Sadece bu da değil, araştırmacılar; kişiler, takvim randevuları, arabanın son GPS konumları ve daha fazlası gibi kişisel bilgilere erişebileceklerini söylediler.

Neyse ki, voltaj aksaklık tekniğini gerçekleştirmek için arabaya fiziksel erişime ihtiyacınız var. Ancak araştırma, sahip olmadıkları Tesla’lara girmenin bir yolu olan kötü adamlara bir fırsat sunuyor. Araştırmacılar, Tesla’nın bu tür bir saldırıyı önlemek için muhtemelen arabadaki donanımı değiştirmesi gerektiğini söylüyor.

ChatGPT her konuşmada yarım litre su içiyor!

Araştırmalara göre OpenAI tarafından geliştirilen ve her geçen gün kullanımı yaygınlaşan ChatGPT her görüşme için yarım litre su tüketiyor.

Yapay Zeka (AI) büyük ilerleme gösterdi, ancak yakın tarihli bir çalışma, veri merkezlerindeki AI modellerinin önemli su tüketimini vurgulayarak onu çevresel bir endişe haline getiriyor. Çalışma, sürdürülebilir uygulamalara duyulan ihtiyacı vurgulayarak, OpenAI ürünleri gibi büyük AI modellerinin eğitiminin ve uygulanmasının çevresel maliyetini ortaya koyuyor.

ChatGPT güvenliği

AI modellerinin bulunduğu veri merkezleri enerji yoğun ve suya susamış durumda. Microsoft’un ABD veri merkezlerinde OpenAI ChatGPT-3 eğitimi, yüzlerce araba üretmeye eşdeğer 700.000 litreye kadar tatlı su tüketebilirken Google’ın ABD veri merkezleri tek başına 2021’de soğutmak için 12,7 milyar litre tatlı su tüketti. Bu merkezler su yoğun soğutma sistemlerine güveniyor ve enerji üretimi için önemli miktarda su gerektiriyor.

Yapay zeka için neden tatlı su kullanılıyor?

Veri merkezleri ısı üreterek soğutma sistemleri gerektiriyor. Korozyonu ve mikrobiyal büyümeyi önlemek için saf tatlı su gerektiren su yoğun evaporatif soğutma kuleleri sıklıkla kullanılıyor ve veri merkezlerinde enerji üretimi için de su tüketiliyor.

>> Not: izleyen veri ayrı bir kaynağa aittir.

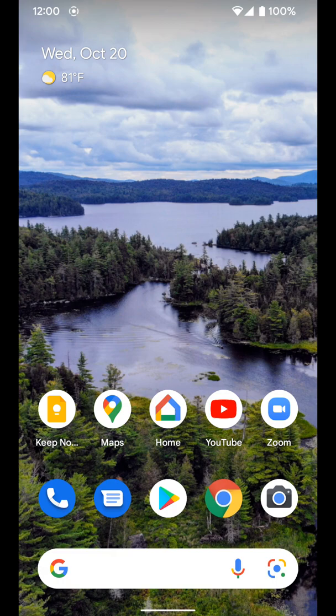Now I'm going to go over how to change your wallpaper and use the dynamic color in the new Material You design here in Android 12 on a Pixel device.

Çalışma, buharlaşma yoluyla su kaybını azaltmak için daha soğuk saatlerde AI modellerinin eğitilmesini öneriyor. Endüstriyi çevre dostu AI modelleri geliştirmeye çağırıyor. Tatlı su kıtlığı ve yaşlanan su altyapısı göz önüne alındığında, AI modellerinin su ayak izini ortaya çıkarmak ve ele almak çok önemli.

AI’nın potansiyelini ve OpenAI ürünü olan ChatGPT gibi modelleri keşfederken, çevresel etkilerine dikkat etmek hayati önem taşıyor. Tatlı su kıtlığı ve kuraklıkların artmasıyla birlikte sürdürülebilir uygulamalar şart. Yapay zeka modellerinin gizli su ayak izini ele almak, sürdürülebilir bir gelecek için çok önemli.